=== Action item ===
Leave out the pictures and output exactly the lines below from the one with "Spacious, unfurnished interior" down to the one with "VolksWagen PASSAT 2017-02 196512-6", both of them included.

=== Input for this task ===
-.-.-

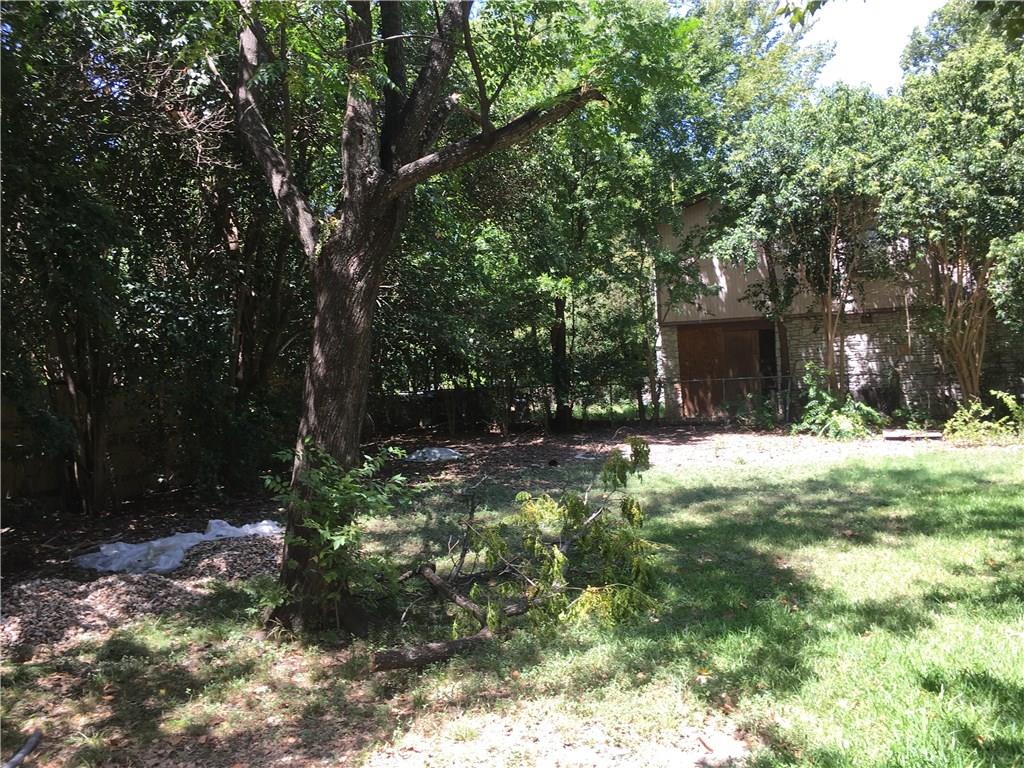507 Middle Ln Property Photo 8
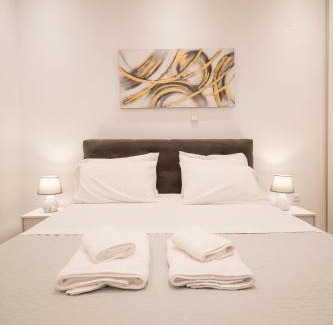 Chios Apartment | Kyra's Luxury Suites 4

-.-.-

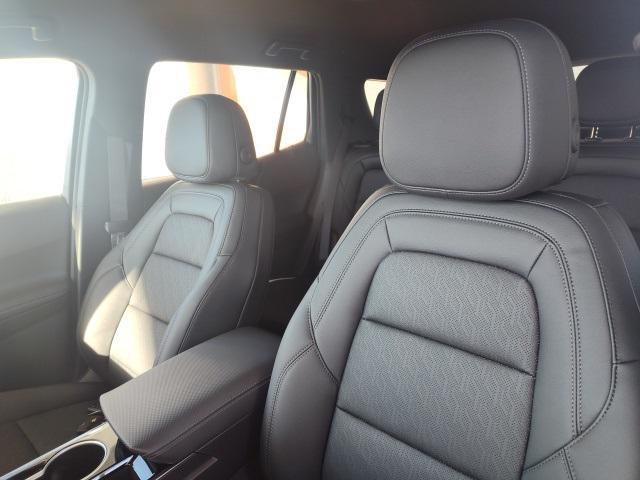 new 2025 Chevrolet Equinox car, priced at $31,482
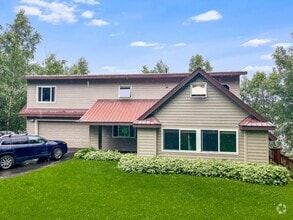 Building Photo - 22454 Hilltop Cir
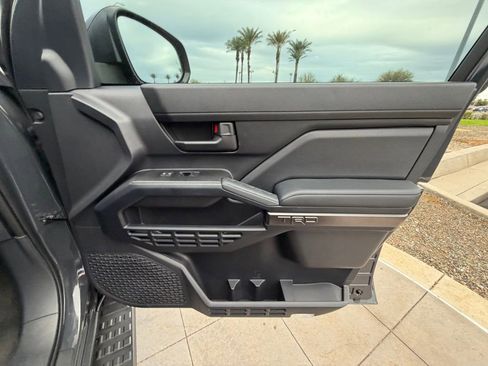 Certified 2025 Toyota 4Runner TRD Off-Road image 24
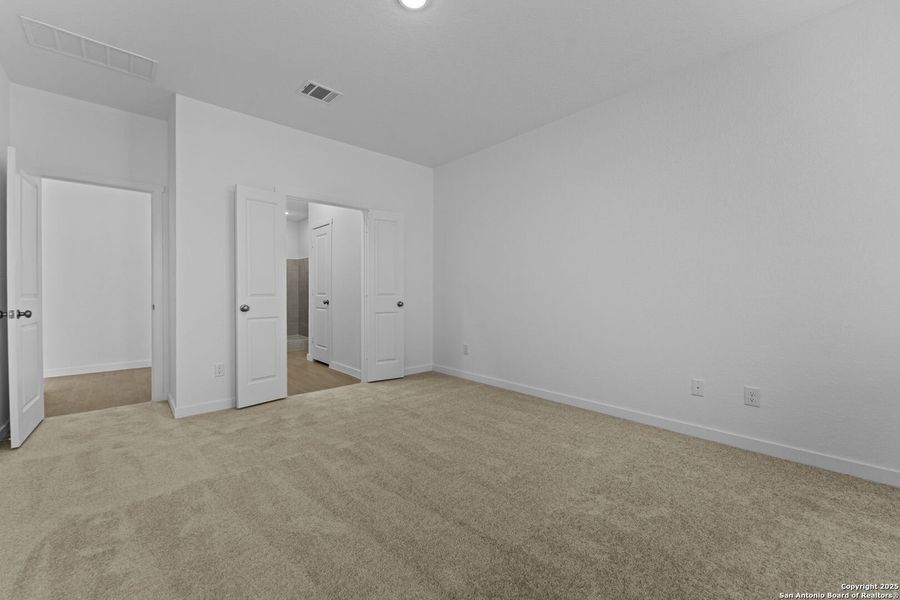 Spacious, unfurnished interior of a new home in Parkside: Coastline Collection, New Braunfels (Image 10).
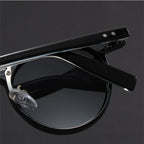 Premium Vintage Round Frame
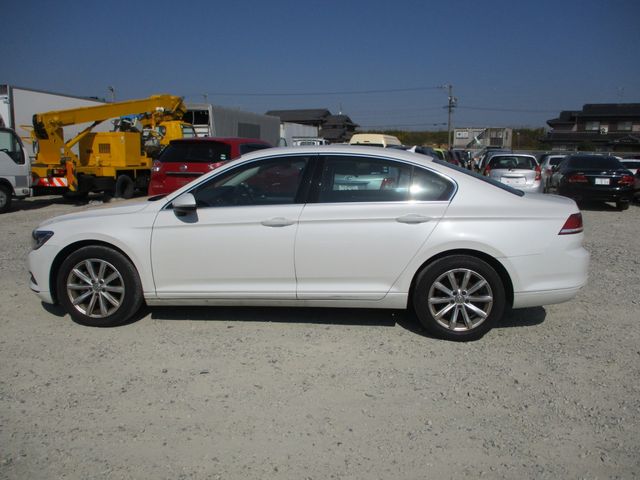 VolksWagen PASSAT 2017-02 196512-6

-.-.-

=== Exercise response ===
 Spacious, unfurnished interior of a new home in Parkside: Coastline Collection, New Braunfels (Image 10).
 Premium Vintage Round Frame
 VolksWagen PASSAT 2017-02 196512-6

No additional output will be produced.